First, make a long data.frame containing variables 7:44.
```{r, eval = FALSE, echo = TRUE}
install.packages("tidyr")
library(tidyr)
df_plot <- df[7:44]
df_plot <- pivot_longer(df_plot, names(df_plot))
```
```{r, echo = FALSE}
library(tidyr)
df_plot <- df[7:44]
df_plot <- pivot_longer(df_plot, names(df_plot))
```
Next, we can plot the data - using `geom_histogram()`, `geom_density()` or `geom_boxplot()` as before. A new additional function allows us to make separate plots for each variable: `+ facet_wrap(~name, scales = "free_x")`.
<details>
<summary>Click for explanation</summary>
```{r, echo = TRUE}
library(ggplot2)
ggplot(df_plot, aes(x = value)) + geom_histogram() + facet_wrap(~name, scales = "free_x")
```
Notice the fact that you can see that the scales are actually categorical (because of the gaps between bars), and that most variables look relatively normally distributed despite being categorical. It's probably fine to treat them as continuous.

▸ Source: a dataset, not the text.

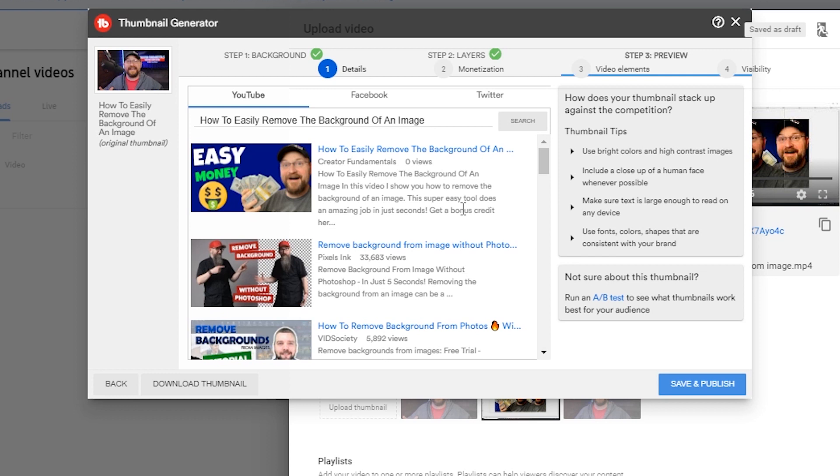So TubeBuddy is a fantastic plugin. You can get it for free. Remember to go to trytubebuddy.today or just click the link in the description below. Once you're done with creating it and you like the way it looks, you just click save and publish and that will apply that thumbnail to that video.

`r if(knitr::is_html_output()){"\\details"}`
### Question 1.f
Check the scale descriptives table again. Are there any incorrectly coded missing value labels, or other inexplicable values?
### Question 1.g
The first step in re-analyzing data is replicating the results from the paper by
Kestilä. Run a Principal Component Analysis using `psych::principal()`, and
choose the exact same specification as Kestilä concerning estimation method,
rotation etc. Do two analyses: one for trust in politics, and one for attitudes towards immigration. Remember that you can view the help file for `psych::principal()` by running
`?psych::principal`.
*Hint: Use* `psych::principal()`
<details>
<summary>Click for explanation</summary>
#### Trust in politics
Kestilä extracted three components, with VARIMAX rotation. When we print the results, we can hide all factor loadings smaller than the smallest one in their table, to make it easier to read:
```{r, echo = TRUE}
library(psych)
pca_trust <- principal(df[, 7:19], nfactors = 3, rotate = "varimax")
print(pca_trust, cut = .3, digits =3)
```
For attitude towards immigration, Kestilä extracted five components, with VARIMAX rotation:
```{r, echo = TRUE}
library(psych)
pca_att <- principal(df[, 20:44], nfactors = 5, rotate = "varimax")
print(pca_att, cut = .3)
```
`r if(knitr::is_html_output()){"\\details"}`
### Question 1.h
<!-- Video here about extracting factor scores-->
Extract the PCA factor scores from the results objects, and add them to the data.frame. Give the PCA scores informative names, based on your interpretation of the factor loadings, so that you understand what they summarize.
*Hint: Use* `$; colnames(); cbind()`
<details>
<summary>Click for explanation</summary>
Extracting factor scores
The factor scores are inside of the results objects. Use the `$` operator to access them:
```{r, echo = TRUE}
head(pca_att$scores)
```
We're going to give these factor scores some informative names, and add them to our data.frame. **You should give them different, informative names based on the meaning of the factors!**
```{r, echo = TRUE}
# Print names
colnames(pca_att$scores)
# Change names
colnames(pca_att$scores) <- c("Att1", "Att2", "Att3", "Att4", "Att5")
colnames(pca_trust$scores) <- c("Trust1", "Trust2", "Trust3")
# Add columns
df <- cbind(df, pca_trust$scores, pca_att$scores)
```
`r if(knitr::is_html_output()){"\\details"}`
### Question 1.i
Are you able to replicate her results?
<details>
<summary>Click for explanation</summary>
No, probably not. The team of teachers was unable to reproduce this analysis, even though it should be pretty easy to do so...
`r if(knitr::is_html_output()){"\\details"}`
### Question 1.j
Save your syntax and bring your data and syntax to the practical on Thursday.